[[ DATA EXCERPT open ]]

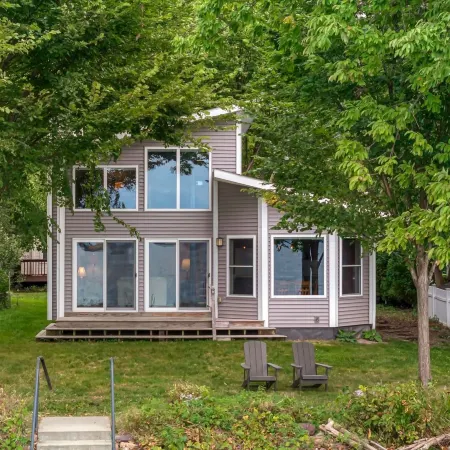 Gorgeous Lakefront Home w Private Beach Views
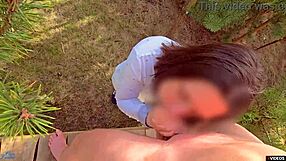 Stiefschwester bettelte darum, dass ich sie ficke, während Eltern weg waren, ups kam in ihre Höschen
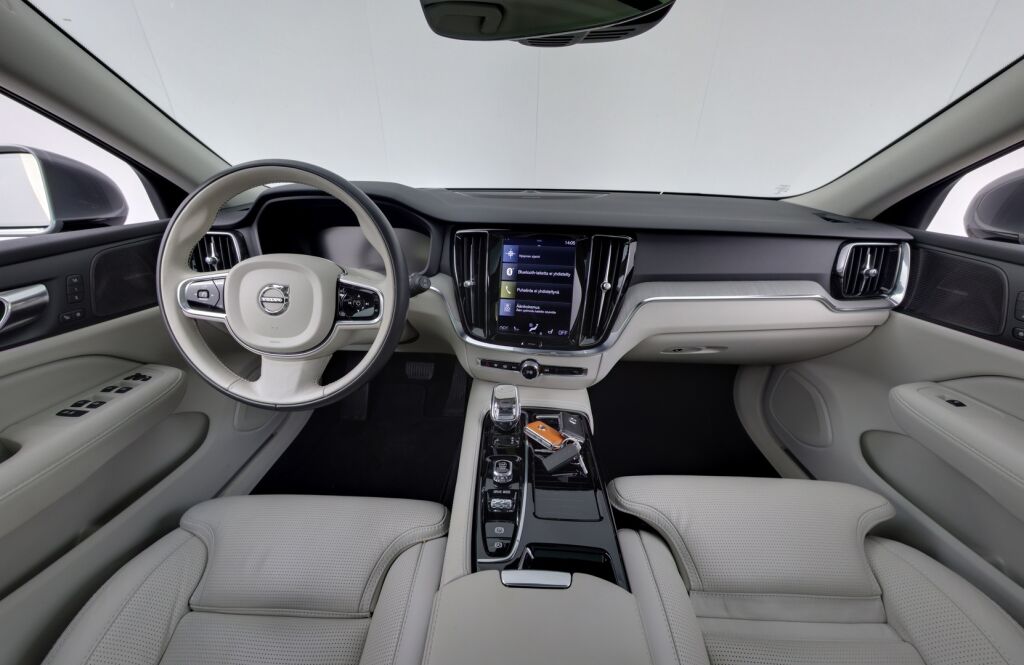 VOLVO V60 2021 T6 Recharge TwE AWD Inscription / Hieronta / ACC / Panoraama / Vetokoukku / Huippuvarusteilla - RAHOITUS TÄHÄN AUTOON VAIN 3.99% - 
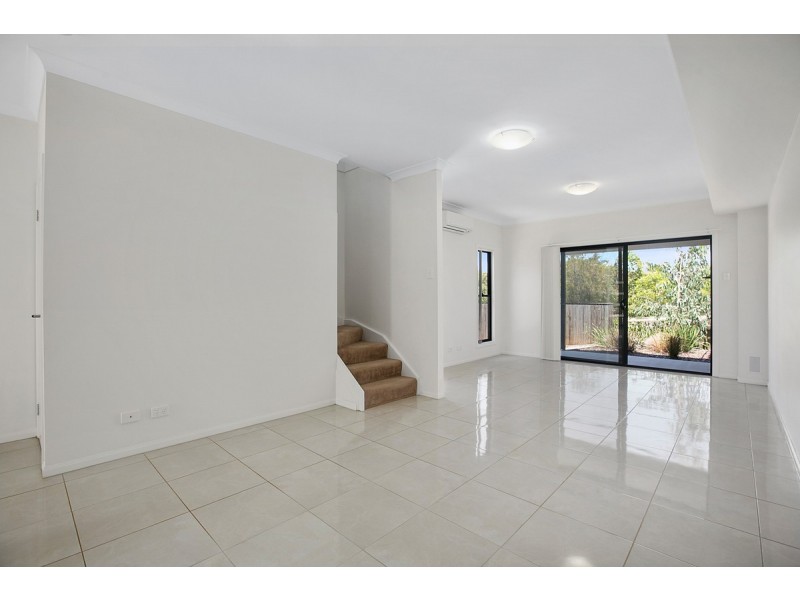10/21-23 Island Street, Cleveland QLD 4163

[[ DATA EXCERPT closed ]]

WHAT THE TASK REQUIRES: The line containing "VOLVO V60 2021" and every line after it, through the end of the material above, are to be printed exactly; no pictures belong in the output.

ANSWER TO THE EXERCISE:
 VOLVO V60 2021 T6 Recharge TwE AWD Inscription / Hieronta / ACC / Panoraama / Vetokoukku / Huippuvarusteilla - RAHOITUS TÄHÄN AUTOON VAIN 3.99% - 
10/21-23 Island Street, Cleveland QLD 4163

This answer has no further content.